Тюрьма была расположена на самом берегу реки, за городом верстах в двух. В городе было не более пятнадцати одноэтажных домов, церковь, крытый дом исправника, доктора, заседателя… Река – но широкая. <…> Берега – песчаные… От тюрьмы открывался красивый вид, и она была около самого леса. Но уйти или уехать отсюда не было никакой возможности… Не оттого, что тюрьма была окружена палями, а оттого, что не было дороги… И кто ее не знал, без хорошего провожатого не нашел бы и самую дорогу. Ходить из тюрьмы Чернышевский мог сколько угодно и ходил с утра до ночи всегда один. Собирал грибы, которые затем сам себе готовил в своей же камере…»
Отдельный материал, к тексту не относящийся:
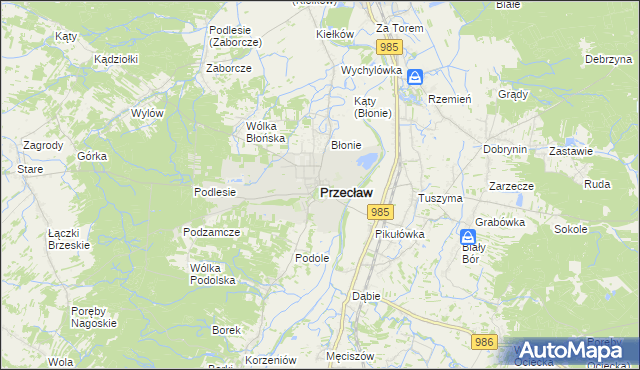 mapa Przecław powiat mielecki, Przecław powiat mielecki na mapie Targeo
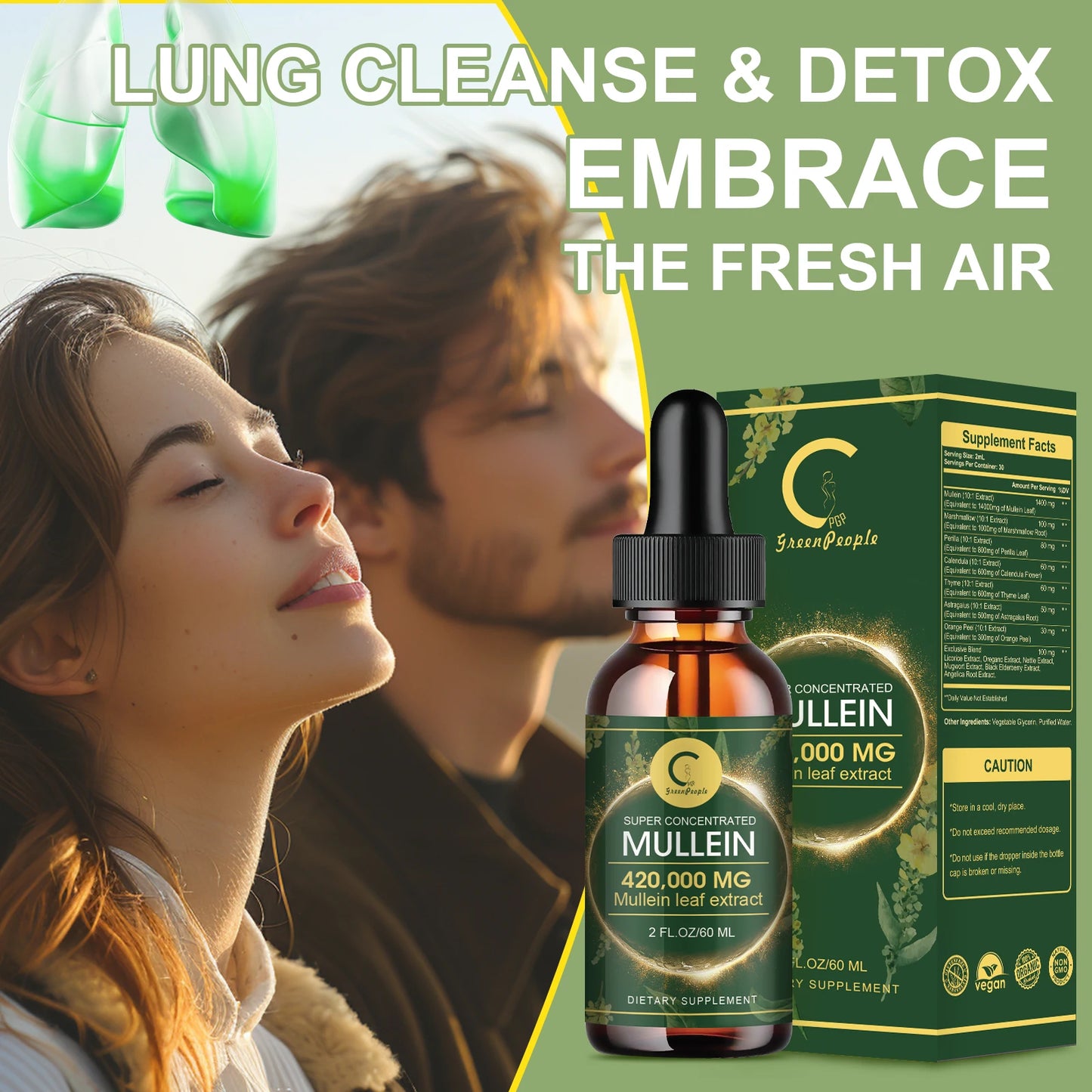 IMATCHME Mullein Leaf Extract Drops Immune Support For Respiratory Health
Еще деталь: «Это был и очень веселый, очень разговорчивый старик. Много смеялся. Часто пел песни, не унывал, как будто был доволен своей судьбой. К женщинам относился ко всем хорошо, по безразлично, ни в кого не влюблялся. Вставал рано, часов в шесть, а ложился позже всех. Детей очень любил». В 55 лет он уже казался стариком. Конечно, возрастной ценз сейчас другой – и все-таки!
Он гулял много, вдоль леса, собирал грибы, которые сам и готовил потом, пытался, насколько мог, осушать окружающее пространство. Беренштам спрашивает жену жандарма:
«Как же там жить, в Вилюйске?
– Плохо, очень тяжело!.. В Вилюйске морозы еще страшнее, чем в Якутске. Да и вообще в Вилюйске хуже жить, чем в Якутске. Была прямо погибель. Овощей никаких. Картофель теперь привозят издалека скопцы по 3 рубля пуд. А тогда было дороже. Но Чернышевский не покупал его совсем, потому что дорого. Зимою там все больше ночь, а летом все больше день. Зима там такая, что если плюнуть, то плевок, не долетая до земли, замерзает. Даже якуты ездят в меховых масках. Только глаза видны!
– Сохранилось ли там что-нибудь после Чернышевского?